WHAT TO PRODUCE — Reproduce every entry exactly and leave its pictures out.

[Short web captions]
=== Begin Enclosure ===

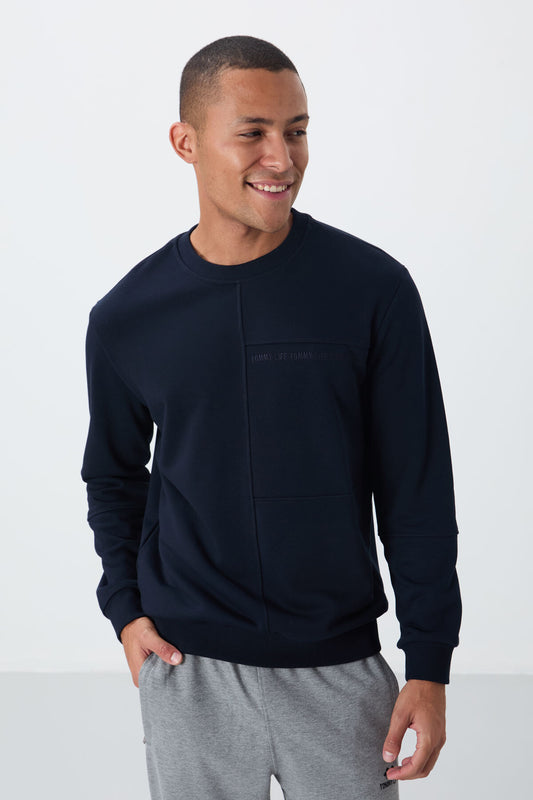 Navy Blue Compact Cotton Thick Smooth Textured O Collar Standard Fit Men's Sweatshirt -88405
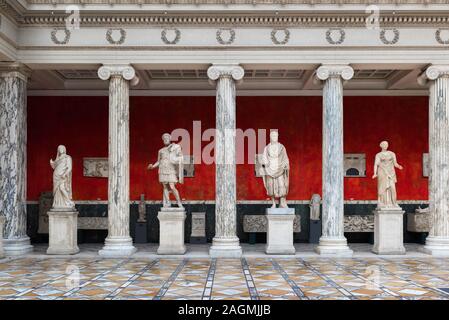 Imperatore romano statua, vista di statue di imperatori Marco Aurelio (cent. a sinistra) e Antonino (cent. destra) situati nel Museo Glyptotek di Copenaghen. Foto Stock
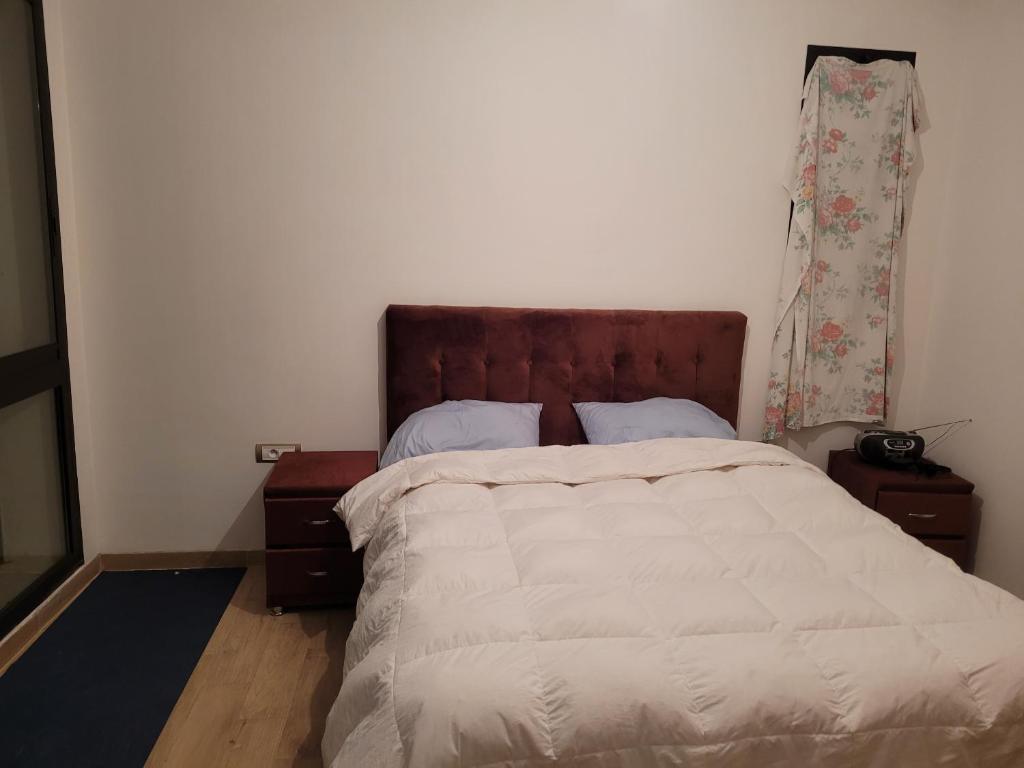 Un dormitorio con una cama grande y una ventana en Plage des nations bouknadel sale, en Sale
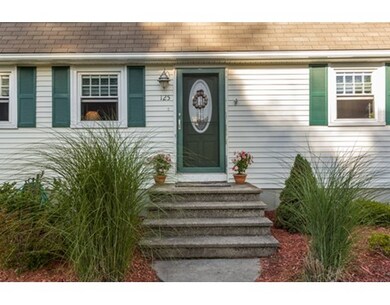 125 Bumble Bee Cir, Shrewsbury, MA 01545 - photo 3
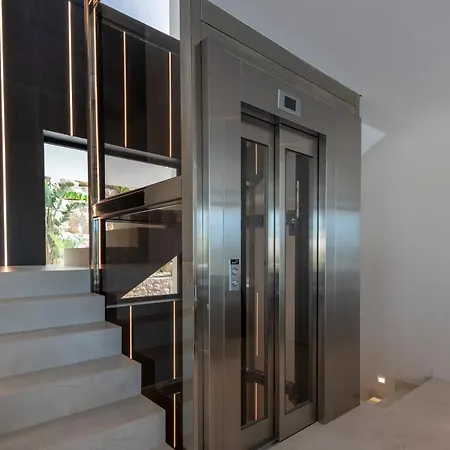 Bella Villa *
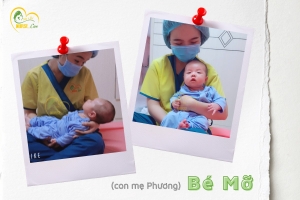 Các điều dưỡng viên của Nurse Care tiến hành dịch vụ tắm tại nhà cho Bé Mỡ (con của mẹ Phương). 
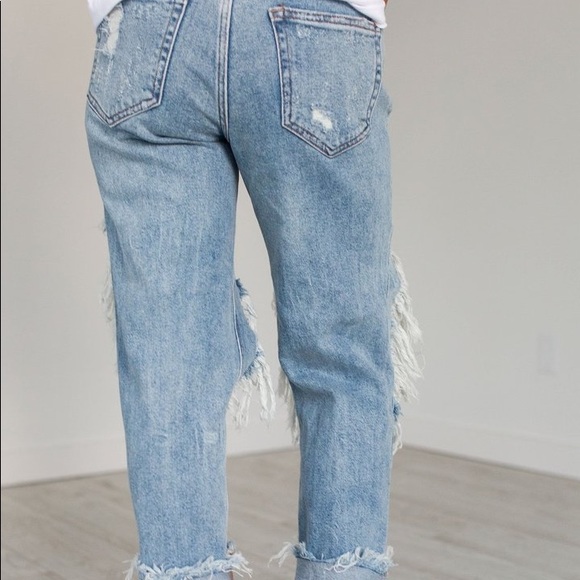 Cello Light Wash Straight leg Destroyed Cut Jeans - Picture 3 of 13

=== End Enclosure ===

ANSWER FOR THIS EXERCISE —
 Navy Blue Compact Cotton Thick Smooth Textured O Collar Standard Fit Men's Sweatshirt -88405
 Imperatore romano statua, vista di statue di imperatori Marco Aurelio (cent. a sinistra) e Antonino (cent. destra) situati nel Museo Glyptotek di Copenaghen. Foto Stock
 Un dormitorio con una cama grande y una ventana en Plage des nations bouknadel sale, en Sale
 125 Bumble Bee Cir, Shrewsbury, MA 01545 - photo 3
 Bella Villa *
 Các điều dưỡng viên của Nurse Care tiến hành dịch vụ tắm tại nhà cho Bé Mỡ (con của mẹ Phương). 
 Cello Light Wash Straight leg Destroyed Cut Jeans - Picture 3 of 13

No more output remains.